PROBLEM: In the material below, find the line with "Creative Furniture Ripple" and the line with "Poltrona Frau Leather", then output both and every line between them exactly, omitting pictures.

DATASET EXTRACT:
================

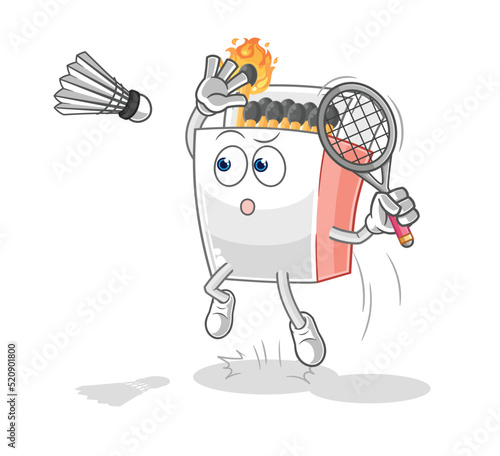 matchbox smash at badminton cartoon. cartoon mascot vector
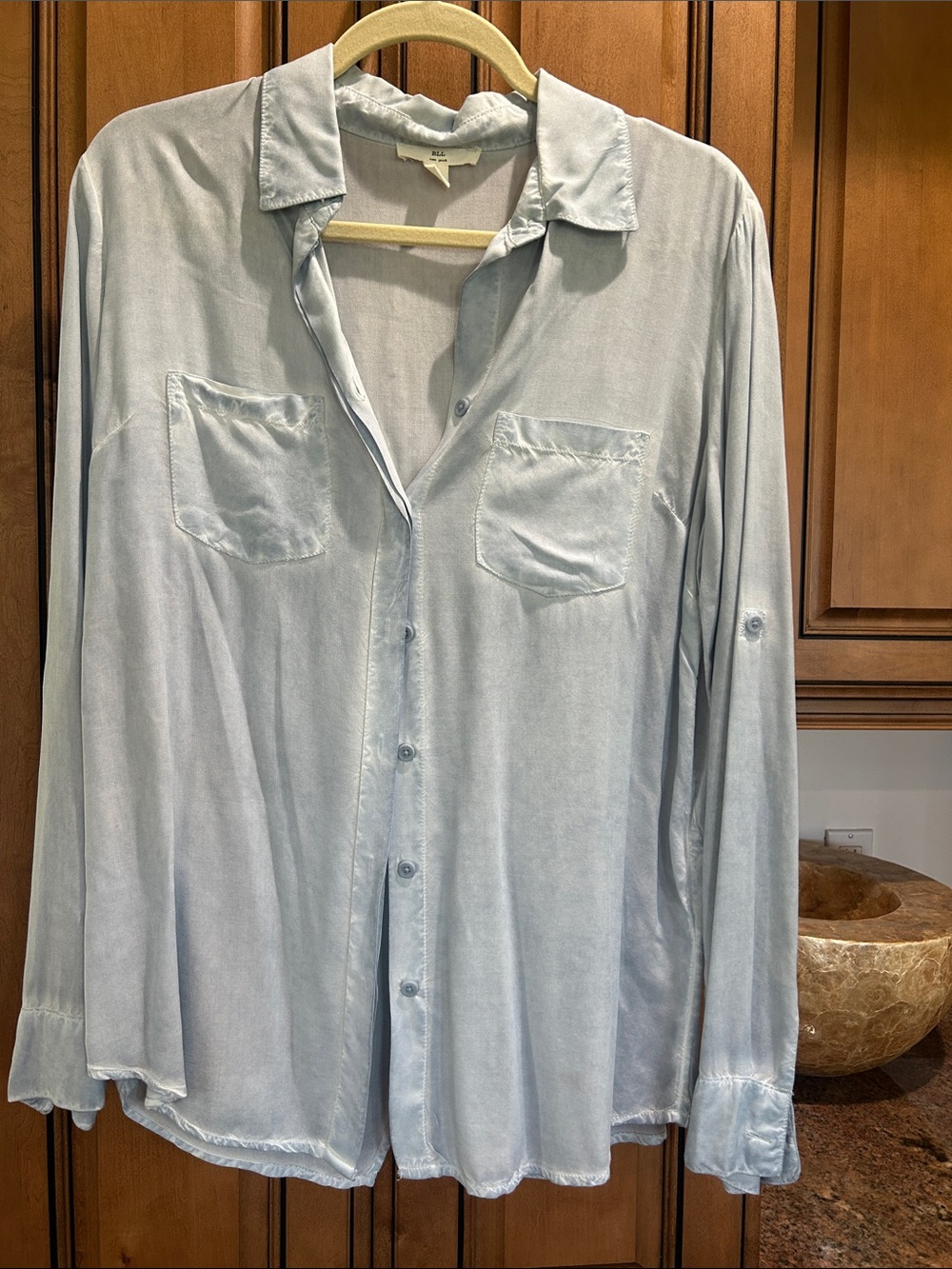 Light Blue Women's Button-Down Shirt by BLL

================

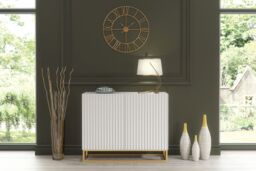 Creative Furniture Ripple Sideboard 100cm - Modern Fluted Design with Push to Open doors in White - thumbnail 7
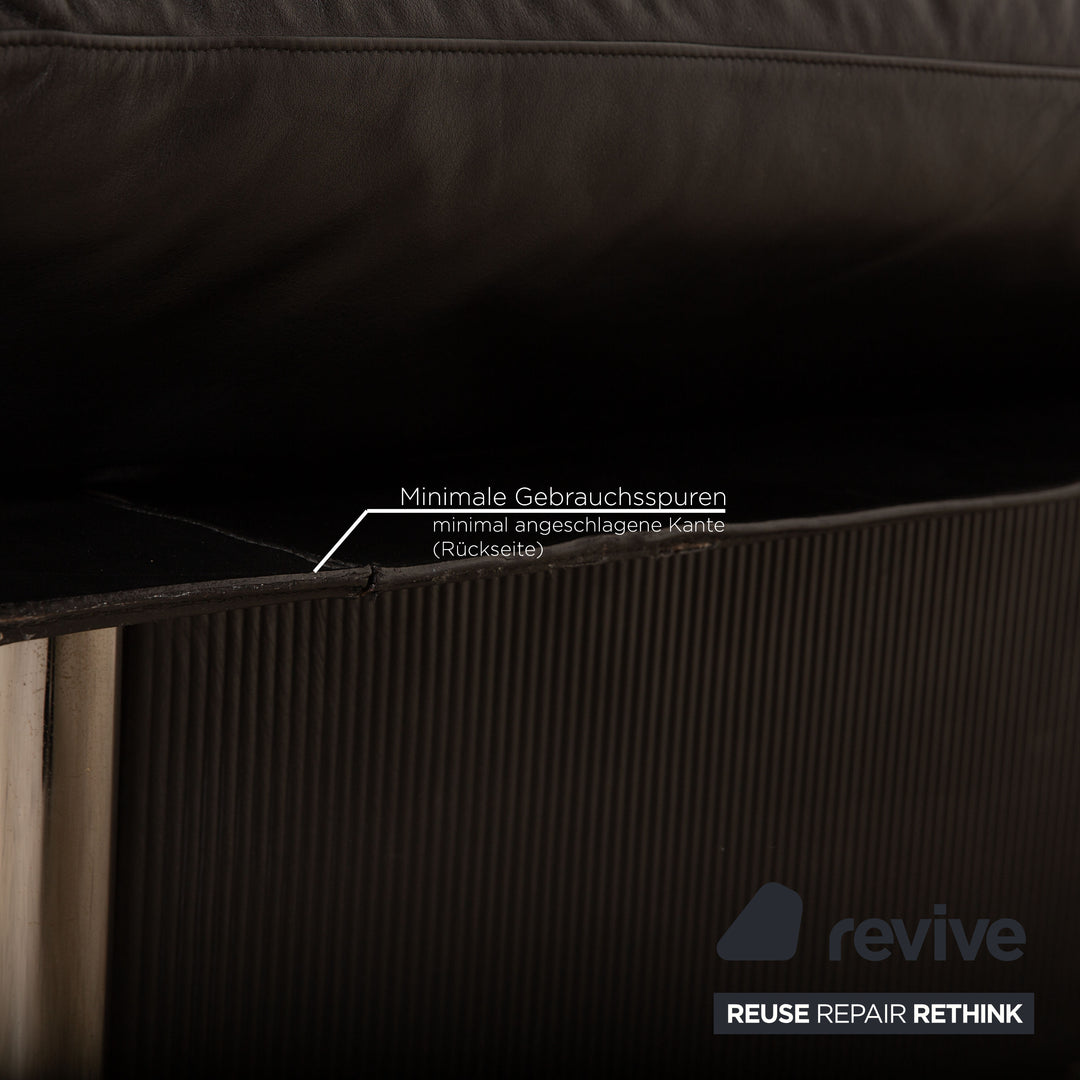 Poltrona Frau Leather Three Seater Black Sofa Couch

================

THE ANSWER:
 Creative Furniture Ripple Sideboard 100cm - Modern Fluted Design with Push to Open doors in White - thumbnail 7
 Poltrona Frau Leather Three Seater Black Sofa Couch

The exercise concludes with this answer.